**ABOUT THIS EXERCISE**
Return the entries in full, exactly as written.

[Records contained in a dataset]
>>

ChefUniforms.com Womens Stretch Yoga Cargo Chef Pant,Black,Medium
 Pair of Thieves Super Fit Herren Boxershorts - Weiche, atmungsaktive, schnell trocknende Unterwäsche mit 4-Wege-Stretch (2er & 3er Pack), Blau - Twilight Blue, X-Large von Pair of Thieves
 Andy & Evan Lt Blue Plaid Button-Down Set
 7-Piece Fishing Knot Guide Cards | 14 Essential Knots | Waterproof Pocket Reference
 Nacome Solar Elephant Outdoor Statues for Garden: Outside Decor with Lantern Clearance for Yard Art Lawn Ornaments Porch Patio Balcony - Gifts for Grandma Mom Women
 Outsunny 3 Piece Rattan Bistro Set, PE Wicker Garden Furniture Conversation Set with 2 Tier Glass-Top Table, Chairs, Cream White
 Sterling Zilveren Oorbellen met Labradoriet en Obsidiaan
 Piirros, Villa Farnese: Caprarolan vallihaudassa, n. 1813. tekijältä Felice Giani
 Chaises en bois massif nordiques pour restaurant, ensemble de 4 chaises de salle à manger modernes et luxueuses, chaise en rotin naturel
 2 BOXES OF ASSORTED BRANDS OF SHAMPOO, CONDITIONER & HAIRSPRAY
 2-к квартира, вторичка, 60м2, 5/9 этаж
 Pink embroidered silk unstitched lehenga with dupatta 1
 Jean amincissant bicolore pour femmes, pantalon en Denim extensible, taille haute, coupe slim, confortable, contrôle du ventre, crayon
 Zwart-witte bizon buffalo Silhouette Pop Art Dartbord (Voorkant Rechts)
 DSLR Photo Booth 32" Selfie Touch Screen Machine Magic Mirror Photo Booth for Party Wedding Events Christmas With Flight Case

<<

**WRITTEN RESPONSE**
ChefUniforms.com Womens Stretch Yoga Cargo Chef Pant,Black,Medium
 Pair of Thieves Super Fit Herren Boxershorts - Weiche, atmungsaktive, schnell trocknende Unterwäsche mit 4-Wege-Stretch (2er & 3er Pack), Blau - Twilight Blue, X-Large von Pair of Thieves
 Andy & Evan Lt Blue Plaid Button-Down Set
 7-Piece Fishing Knot Guide Cards | 14 Essential Knots | Waterproof Pocket Reference
 Nacome Solar Elephant Outdoor Statues for Garden: Outside Decor with Lantern Clearance for Yard Art Lawn Ornaments Porch Patio Balcony - Gifts for Grandma Mom Women
 Outsunny 3 Piece Rattan Bistro Set, PE Wicker Garden Furniture Conversation Set with 2 Tier Glass-Top Table, Chairs, Cream White
 Sterling Zilveren Oorbellen met Labradoriet en Obsidiaan
 Piirros, Villa Farnese: Caprarolan vallihaudassa, n. 1813. tekijältä Felice Giani
 Chaises en bois massif nordiques pour restaurant, ensemble de 4 chaises de salle à manger modernes et luxueuses, chaise en rotin naturel
 2 BOXES OF ASSORTED BRANDS OF SHAMPOO, CONDITIONER & HAIRSPRAY
 2-к квартира, вторичка, 60м2, 5/9 этаж
 Pink embroidered silk unstitched lehenga with dupatta 1
 Jean amincissant bicolore pour femmes, pantalon en Denim extensible, taille haute, coupe slim, confortable, contrôle du ventre, crayon
 Zwart-witte bizon buffalo Silhouette Pop Art Dartbord (Voorkant Rechts)
 DSLR Photo Booth 32" Selfie Touch Screen Machine Magic Mirror Photo Booth for Party Wedding Events Christmas With Flight Case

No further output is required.